Check the region server logs. If they are blocking on something it should show up there. For cdh3
the logs are in /var/log/hbase/. Also you may want to turn on debug level for your logging (either
in log4j or in the web interface). Finally all of your requests are going to just one region
server...npin-172-16-12-204.np.local...so it may be stuck trying to split a region or something.

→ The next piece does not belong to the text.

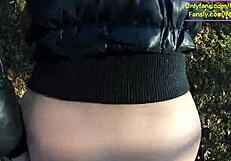 Tight Leather Pants, No Panties, Wet Surprise In Car. Steamy Blowjob Outdoors, Rough Forest Fuck.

You could try to pre-split the regions which may help.
~Jeff
On 7/29/2011 10:57 AM, Eric Hauser wrote:
Hi,
I've been doing different experiments with a 5-node cluster with YCSB.
We have been testing a number of different configurations, so I have
been constantly been wiping our cluster up and setting it up again
since we configure everything via Chef. At one point, I was able to
get the following stats from our cluster which I was pretty happy
with:
YCSB Client 0.1
Command line: -load -db com.yahoo.ycsb.db.HBaseClient
-Pworkloads/workloada -p columnfamily=family -p recordcount=10000000
-s
[OVERALL], RunTime(ms), 1057645.0
[OVERALL], Throughput(ops/sec), 9454.96834949345
[INSERT], Operations, 10000000
[INSERT], AverageLatency(ms), 0.0915235
[INSERT], MinLatency(ms), 0
[INSERT], MaxLatency(ms), 6925
[INSERT], 95thPercentileLatency(ms), 0
[INSERT], 99thPercentileLatency(ms), 0
[INSERT], Return=0, 10000000
However, in our most recent server builds, I seem to very quickly
deadlock something in HBase. I've backed through all our old
revisions and reverted a number of different configuration settings,
and I can't seem to figure out now why the cluster is so slow. Our
terasort M/R tests are returning the same values as before, so I do
not believe that there is anything wrong external to HBase.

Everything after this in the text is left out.